At 9.15pm, with 45 minutes until polls closed in the Eastleigh by-election, the ‘get out the vote’ telephone operation at Conservative Central Headquarters stopped. As one fellow volunteer put it, it was so late in the day that we were just ‘pissing people off’. Having been there all day, I’d had that feeling for several hours, as voter after voter spoke of the harassment they had received during the Eastleigh campaign from all of the major parties. By the early evening we were calling people who not only had received several calls already that day to remind them to vote, as well as one or two visits to their doorstep, but these poor voters had sent in their ballots by post, and had told everyone that. One of the practical reasons the Conservatives lost was a lack of data: banks of volunteers young and old spent hours on the phone and walking the streets pestering postal voters who’d already sent off their votes and we’d failed to record this fact. We called quite a few dead people.

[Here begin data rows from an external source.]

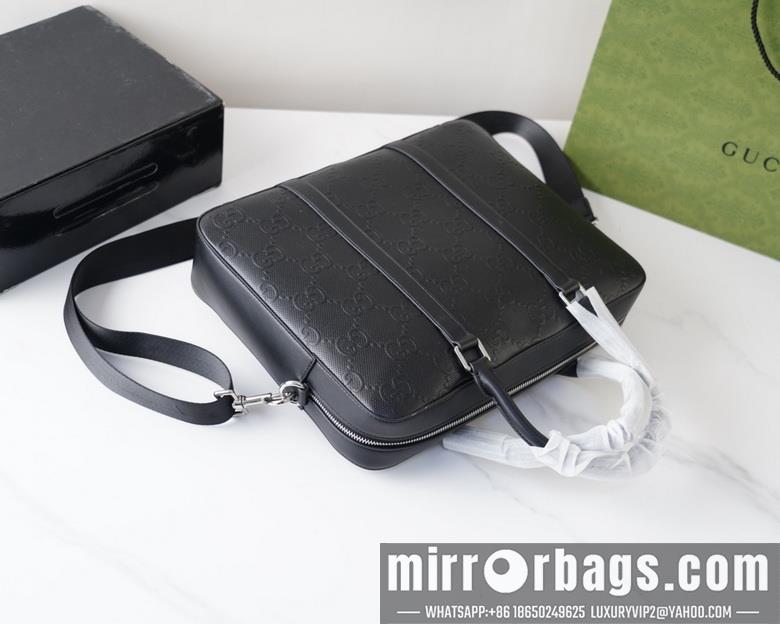 Replica Gucci Bags 1:1 798 37X27X7cm XM 2colour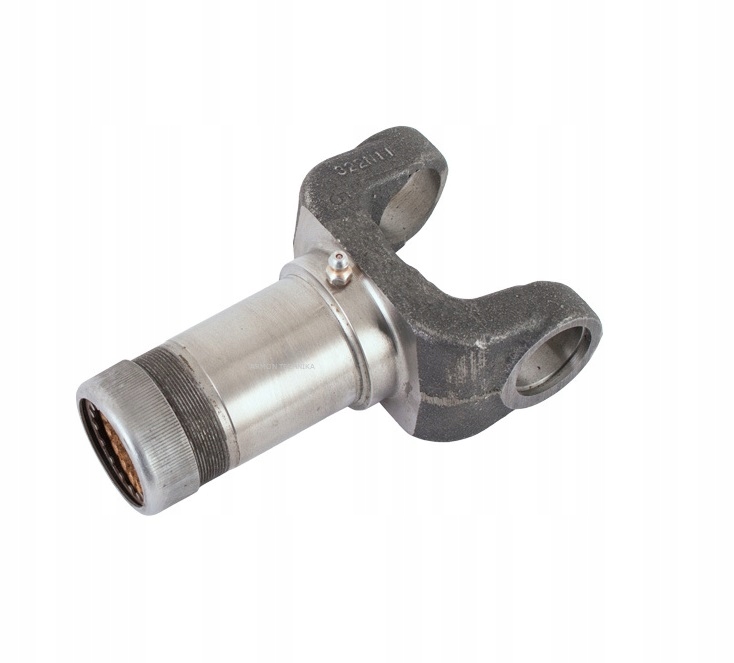 Widelki tuleja walu napedowego CASE 30 2 x 92
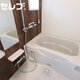 物件画像4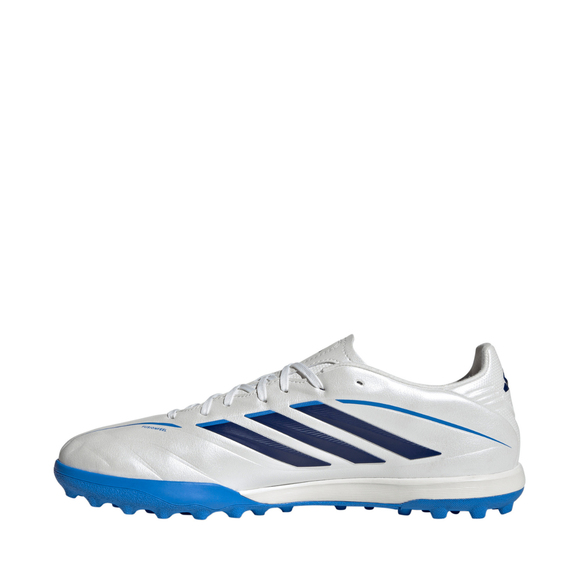 Buty piłkarskie adidas Copa Pure IV League TF KI0647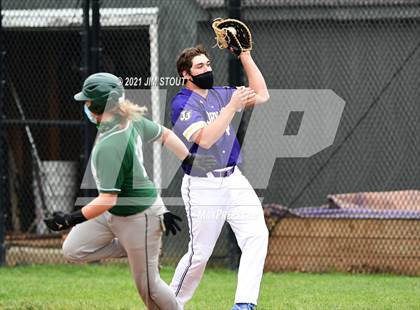 Thumbnail 1 in Brewster @ John Jay-Cross River photogallery.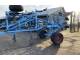 Культиватор Lemken Karat 9/400 KUA (2012)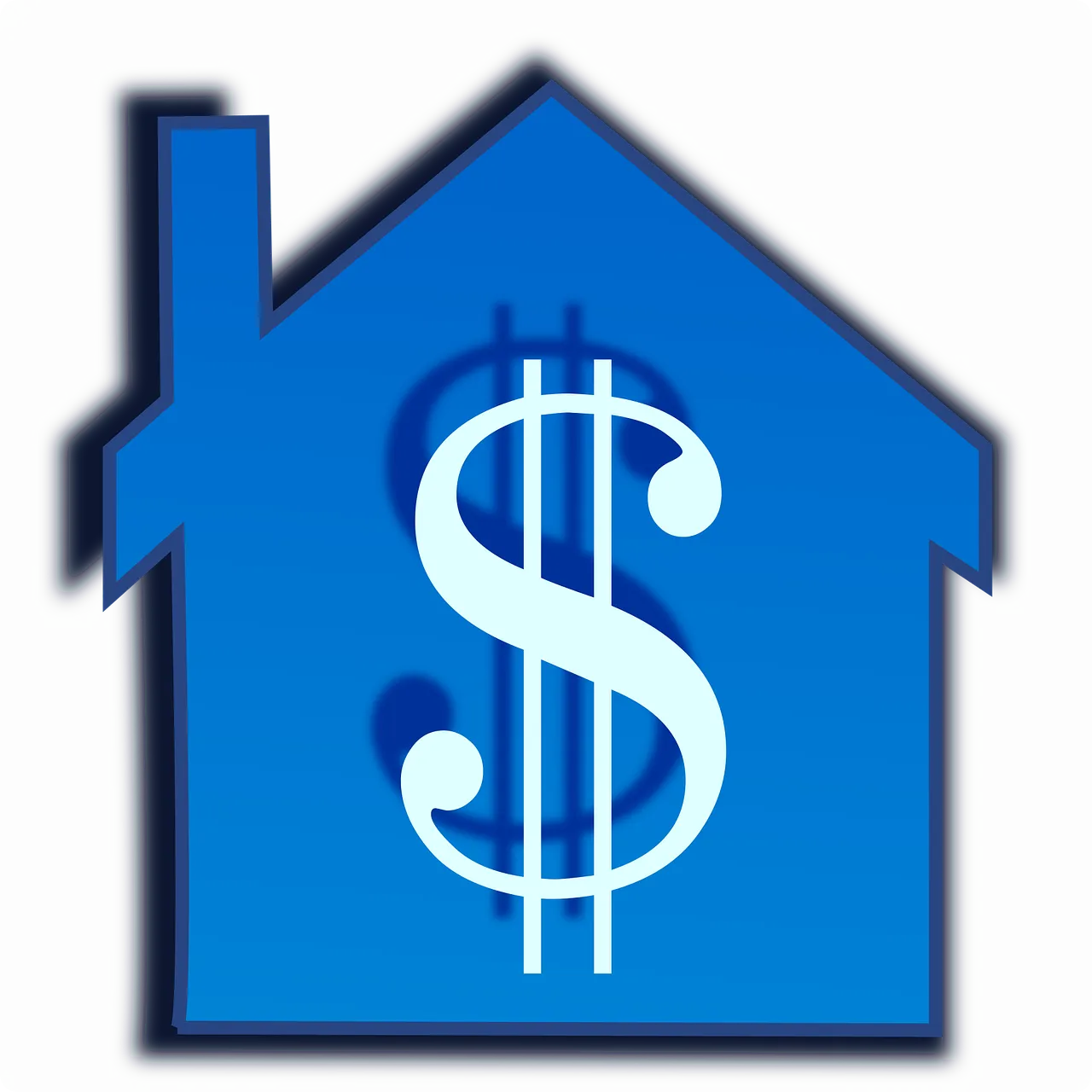 How Your CCRIS Record Affects Home Loan Approval in Miri
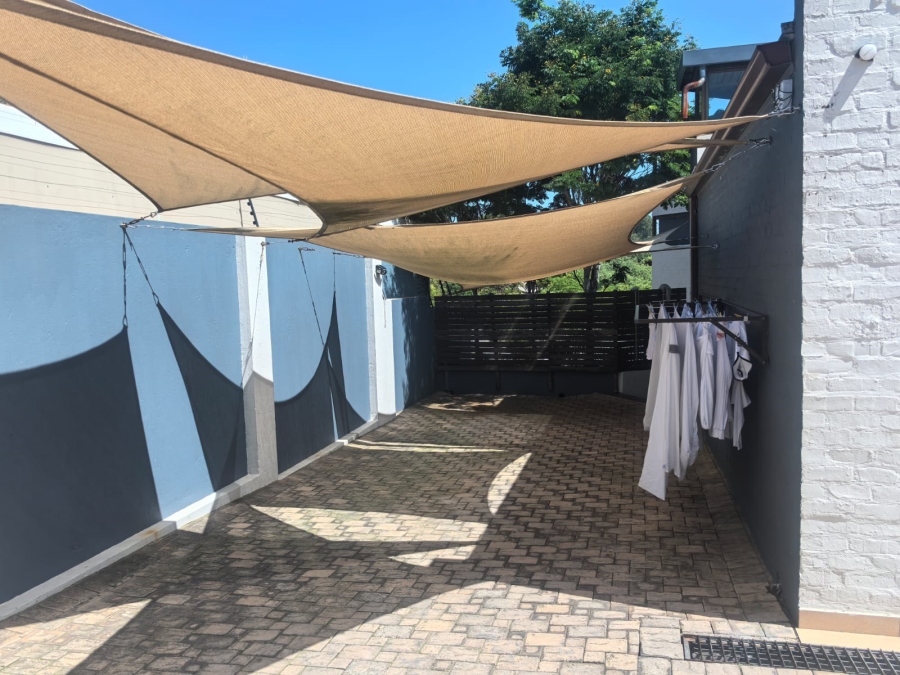 4 Bedroom Property for Sale in Wilro Park Gauteng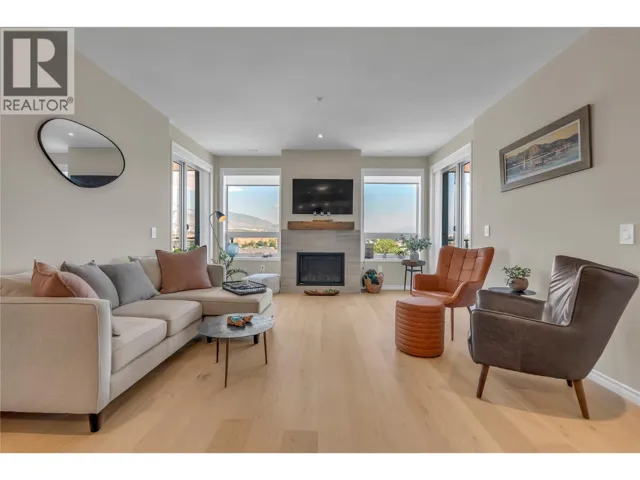 3362 Skaha Lake Road Unit# 1102, Penticton, British Columbia V2A6G4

Much is already being written about the influence of UKIP on this election. I spoke to dozens of people who voted for UKIP wilfully aware that by not voting Conservative they would be making a Liberal Democrat win more likely: many of them didn’t care about splitting the vote on the right, because they wanted to send a message. Daniel Hannan’s astute point that ironically the rise of UKIP may be the thing which denies the public a referendum on Europe after 2015 wouldn’t have troubled these voters: they were voting for UKIP in protest. Astonishingly some of them even admitted to me that they knew it was ‘the wrong thing to do’ but expressed anger at cuts in the welfare their children were receiving, and the slow pace of reform.
Despite being in favour of the change myself, there can be no denying that in a place like Eastleigh gay marriage hurt the Conservative vote. In the immediate aftermath of the vote, with so many still stunned by this undeniable social change, UKIP may have been the beneficiaries of opposing gay marriage. People spoke of the shock in their local communities at this change, a shock that the Conservatives must now hope subsides with time.
We were not as bad as the Liberal Democrats for bombarding the voters of Eastleigh with flyers, voters told me. In electioneering there is no perfect number of flyers you can put through the letterbox: for 30 years the Conservatives sent nothing, one caller told me, and now there was a deluge of material. Neither was what she would have wanted. More than one person complained that they started to receive leaflets on polling day at 6am. Voters – it would seem – always feel either deluged or ignored. One voter followed up this complaint at the sea of paper coming through his door by saying that he’d have voted for Maria Hutchings instead of UKIP if he’d known that she was against gay marriage, despite her opposition being one of the most famous things about her candidacy. We may not have been as bad at harassing the voters with leaflets as the Liberal Democrats, but then they won the seat. The local data required to win elections takes years of work by active grassroots supporters.
There will be a huge collective sigh of relief in Eastleigh: people can go back to picking up their phones, and they won’t need snow ploughs to clear the carpet beneath their front doors. No constituency will received the resources come the general election that the voters were subjected to in Eastleigh, a fact which will doubtless dilute UKIP’s ability to perform as strongly. I have never seen an election in which the voters were so saturated with information: usually you get more than the odd household where they don’t even know that it’s taking place.
Whilst the writers of Westminster decide what this all means for 2015, we would do well to remember that by-elections are unusual creatures, and that people use them to send different messages from the ones they send at general elections. For the voters of Eastleigh, as one harangued man put it to me at about 8pm, it’s all over.